波と手紙

小田桐夕のブログ。好きな短歌について。

大森 静佳 「サルヒ」

先日、なんとか手に入れた大森さんの「サルヒ」から少しだけ。
今年の夏にモンゴルに行かれたときの写真と短歌で構成されています。
モンゴル語で「風」を意味する「サルヒ」には
大草原の景色が広がっています。

唇もとのオカリナにゆびを集めつつわたしは誰かの風紋でいい  *唇=くち

攻めなければ、感情の丘。

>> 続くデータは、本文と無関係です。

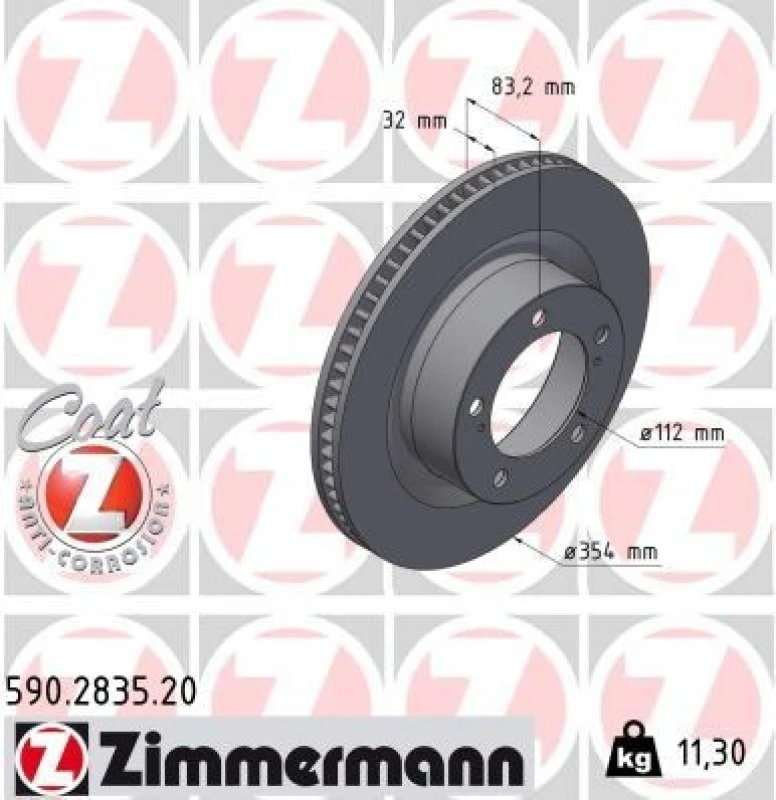 Image of ZIMMERMANN Brake disc ZIMMERMANN 590.2835.20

この靴をこころのように履きふるしつつ  

この夏を痺れるばかりに遠くして帽子は何の墓なのだろう 

風が通った後にできる美しい風紋。
「誰かの風紋でいい」というさしだすような言い方で
他のものからの影響を受け入れるような覚悟があります。
オカリナ、というとても素朴な楽器を選択している点も魅力的。

二首目は初句から二句がとても面白い一首。
のどかな草原や遠くの丘。
日本とは全く違う空間のなかで
駆り立てられるような気持ちもあったのかもしれない。
足になじんでくたびれていく靴と心の組み合わせに
なんだかしみじみしてしまう。

「サルヒ」に収められている写真は、大きく空と地に二分されています。
本当に見渡す限りの草原と、人と動物たちの暮らし。
数日間の滞在だから、後からみると余計にまばゆいのかもしれない。
「帽子」という頭にかぶるアイテムが
「墓」と結びつくことで、
どうしても遠ざかってしまう記憶を哀惜しているようです。